In January 1800 the Clarty Burn which flowed from Law Road across Market Place to the sea was covered with a drain and a new Slaughter-House constructed in the area where the Hope Rooms now stand. Built by Andrew Walker and John Grieve using Law Stone and the door surround was from Castleton Quarry. In 1822 a Fleshers Market was constructed in Market Place (now 66 High Street) with a bake house to the north. The Fleshers (butchers) included John Wilson, John Galbraith, Andrew Thomson, William Hay and Richard Glass. The position were auctioned during the annual Town Council roupings.

The road to the harbour was made up in 1799 and the land in Shore Street (Victoria Road) was feud in 1801. Toll bars were installed in 1805 at the Clartyburn (Law Road), Abbey Toll (Pointgarry Road) and Heugh Brae, but the townspeople were exempt from payment of the toll.

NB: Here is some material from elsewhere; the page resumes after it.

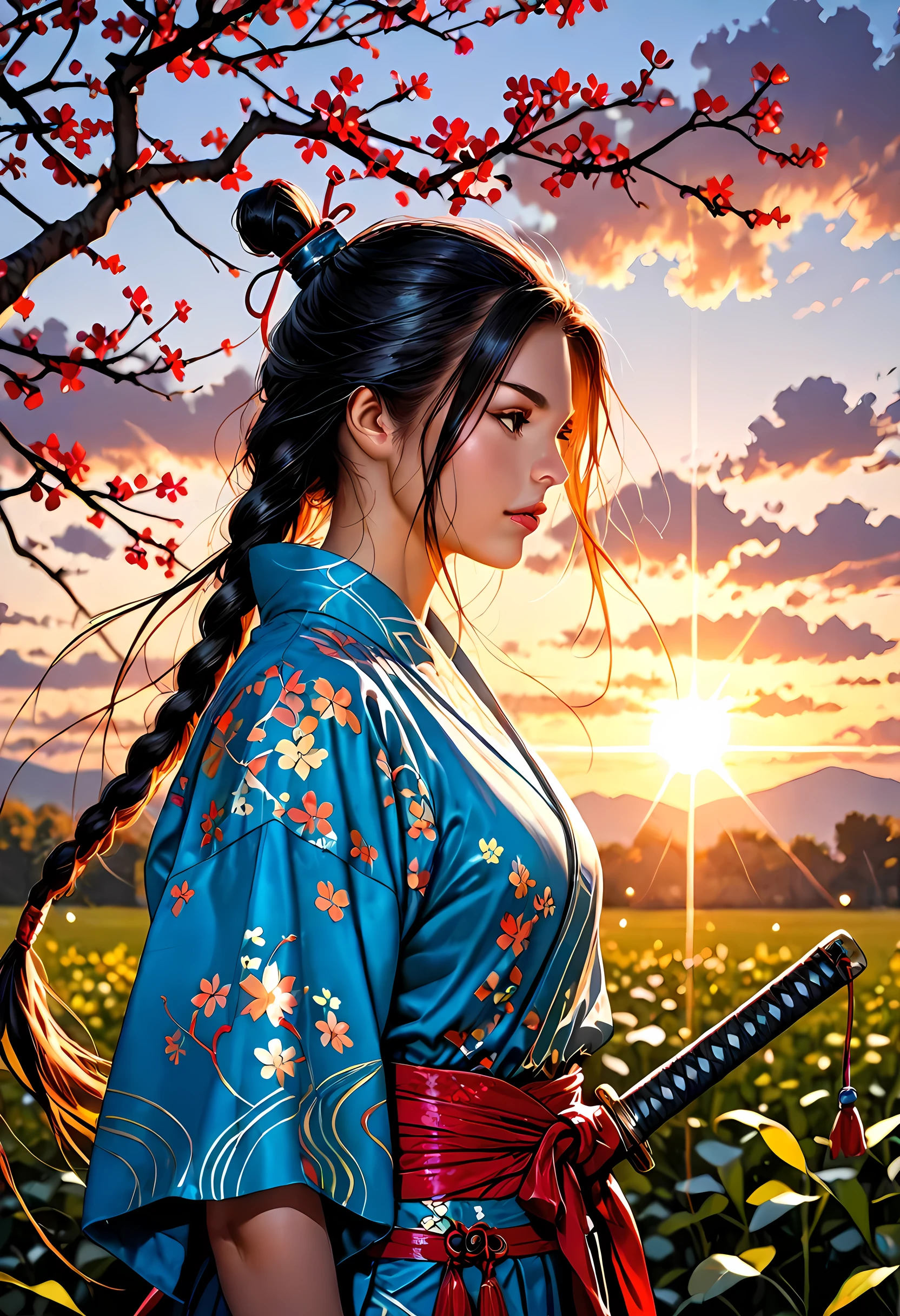 a woman samurai under the cherry tree at sunset, beautiful woman samurai, she holds an epic katana blade, the blade reflects light, ultra feminine, long hair, braided hair, dynamic hair color, an epic cherry tree, many branches, colorful, the sun rays come between the leaves and branches, light reflection, it is sunset, some clouds, award winning, photorealism, depth of field, hyper realistic, Cinematic Shot, fantasy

At this time the land now between West End Place and Station Hill was occupied by three piggeries.

The Toun Barn where the burgesses kept their animals during the night and throughout the winter was situated in what was Captain Brown's garden at No. 2 Quality Street (town carpark). In 1800 the property was leased to Vice-Admiral Paul Minchin who retired to North Berwick and was elected Chief Magistrate in 1802. During his naval career Minchin was in command of the 50-gun HMS Severn before transferring to HMS Hebe which went out to the West indies. He was an all-round sportsman, and member on the All England Eleven for cricket. Vice-Admiral Minchin died in 1810 and is buired in St Andrews Churchyard, North Berwick with no headstone.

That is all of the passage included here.